Majority Republican leaders outline legislative agenda

2012-11-14T18:11:00Z 2012-11-15T14:50:05Z Majority Republican leaders outline legislative agendaBy MIKE DENNISON And CHARLES S. JOHNSON Gazette State Bureau The Billings Gazette

HELENA – The Legislature’s new Republican majority leaders outlined the GOP’s agenda Wednesday, saying they’d focus on tax relief, boosting the state’s economy and revising education — but they also said they want to work with incoming Democratic Gov.-elect Steve Bullock.

“We look forward to a fresh start and a good beginning,” said incoming Senate President Jeff Essmann, R-Billings. “We want to work in a positive fashion to address (the) issues that we think are key in Montana.”

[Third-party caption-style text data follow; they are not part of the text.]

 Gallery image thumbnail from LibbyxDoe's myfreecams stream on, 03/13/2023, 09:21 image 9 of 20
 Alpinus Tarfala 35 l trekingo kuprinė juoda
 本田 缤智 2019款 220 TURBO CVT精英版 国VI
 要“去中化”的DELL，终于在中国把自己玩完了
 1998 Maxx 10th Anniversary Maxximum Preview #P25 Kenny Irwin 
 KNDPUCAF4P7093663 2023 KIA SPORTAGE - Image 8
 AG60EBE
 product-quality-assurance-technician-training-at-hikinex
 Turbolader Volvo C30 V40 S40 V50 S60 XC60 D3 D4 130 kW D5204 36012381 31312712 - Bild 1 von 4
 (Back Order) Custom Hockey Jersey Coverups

House Speaker-elect Mark Blasdel, R-Somers, said the focus will be jobs and the economy — “anything we can do to facilitate job growth and open the door to new businesses, and the businesses that are here now.”

Essmann, who won a razor-close vote against current Senate President Jim Peterson, R-Buffalo, to become Senate president for the 2013 Legislature, outlined four issues that are tops for Senate Republicans: balance the state budget, demand “government accountability,” provide “permanent tax relief” that will help business, and ensure that the state’s school system “rewards and expects achievement from its students.”

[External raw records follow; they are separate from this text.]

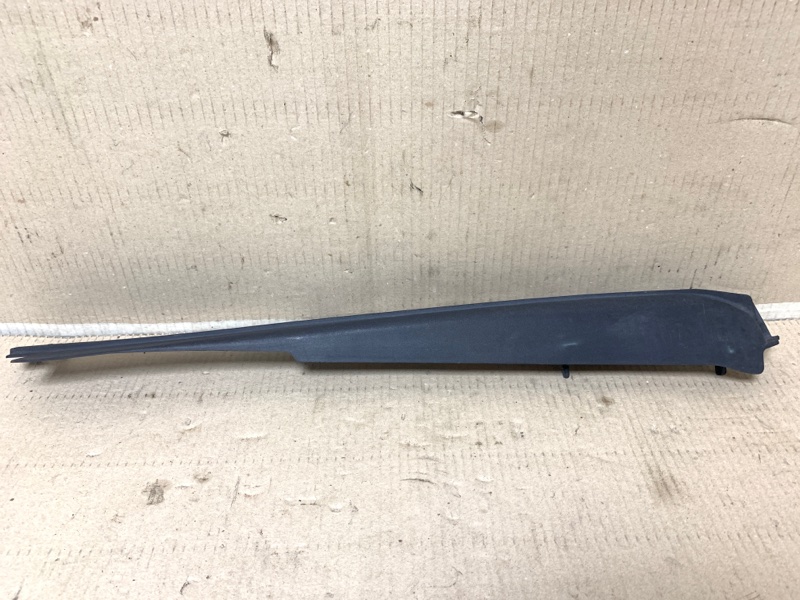 Накладка крыла переднего внутренняя левая CAMRY 40 06-11 2008 Седан 2.4 2AZFE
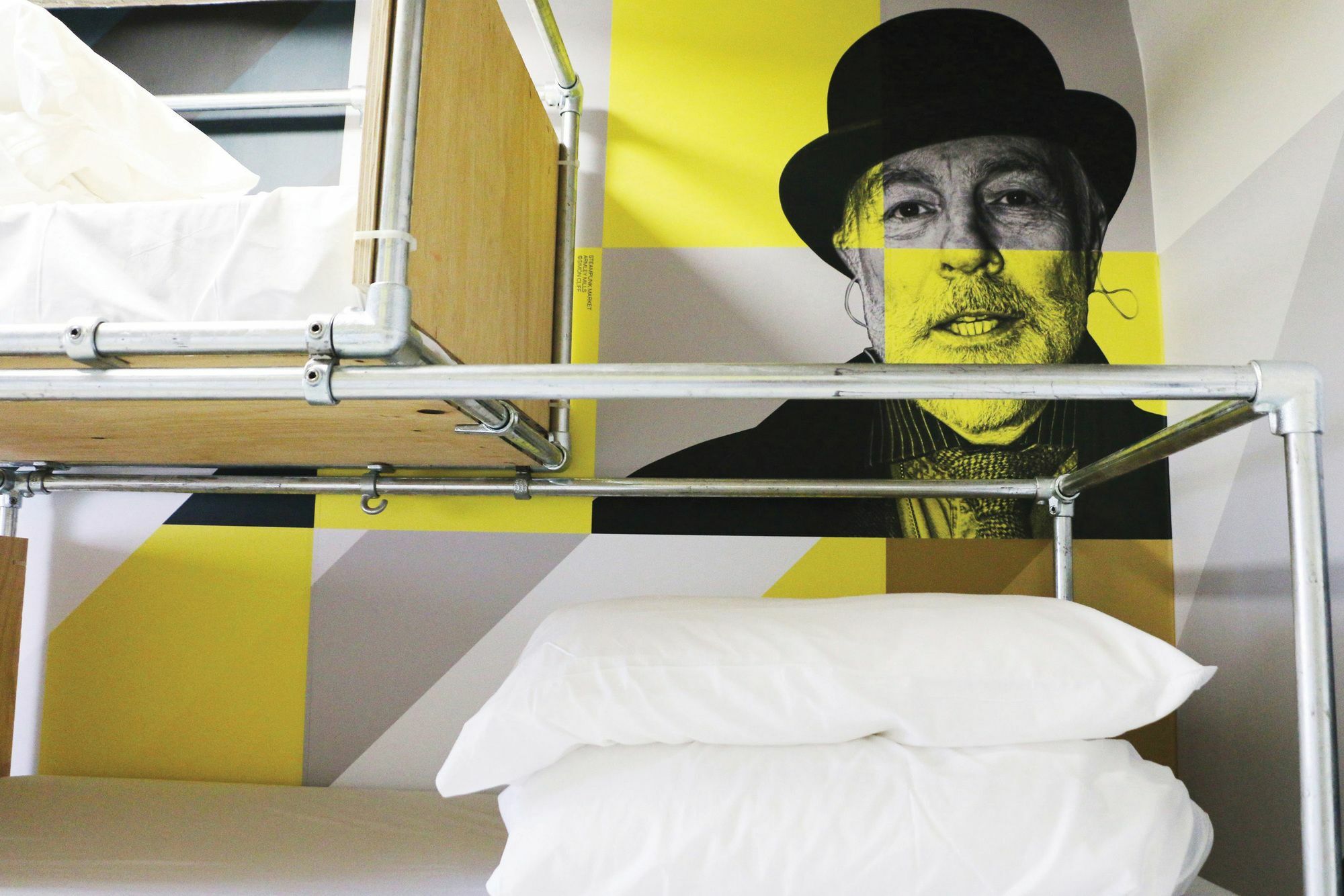 Art Hostel Λιντς Εξωτερικό φωτογραφία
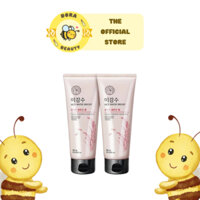 Sữa Rửa Mặt Gạo The Face Shop Rice Water Bright 150ml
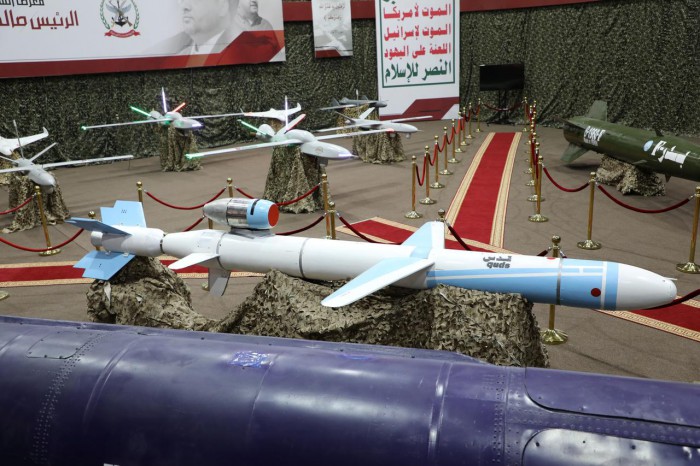 Yemeni forces launch new drone attack against Saudi Arabia’s Abha International Airport: Spokesman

It’s time for lawmakers from both political parties to sit down and work on issues that are important to Montana, Essmann said.

Republicans have a 29-21 majority in the Senate and a 61-39 advantage in the House. In last week’s election, the GOP increased their edge by one in the Senate and lost seven seats in the House.

Essmann said he looks forward to meeting with Bullock, a Democrat, although they have not yet had that opportunity.

Republicans often have had a tempestuous relationship with Democratic Gov. Brian Schweitzer, who last session vetoed numerous Republican bills.

Essmann said he believes there are issues on which Republican legislative leaders and Bullock can find common ground, particularly on the economy.

Legislative leaders are eager to see Bullock’s specific proposals for the state, he said.

“Obviously, it’s only been eight days since the election,” Essmann said. “We’ll be bringing forward our proposals as well. And we hope to have an open and honest communication between both sides of the aisle in the Senate and with the House as well and, of course, with the executive branch.”

Blasdel said Republicans feel they can work with the governor without having to compromise their principles, and have a “constructive conversation.”

Another big issue will be how to deal with oil-and-gas development in Eastern Montana, and its impact on local governments and schools, GOP leaders said.

Rep. Austin Knudsen, R-Culbertson, the incoming House speaker pro tempore, said Eastern Montana is happy to pay its share of oil-and-gas taxes, but that state government needs to “help us maintain the machine” of development.

“The more success they have, the more success the whole state has,” Blasdel said.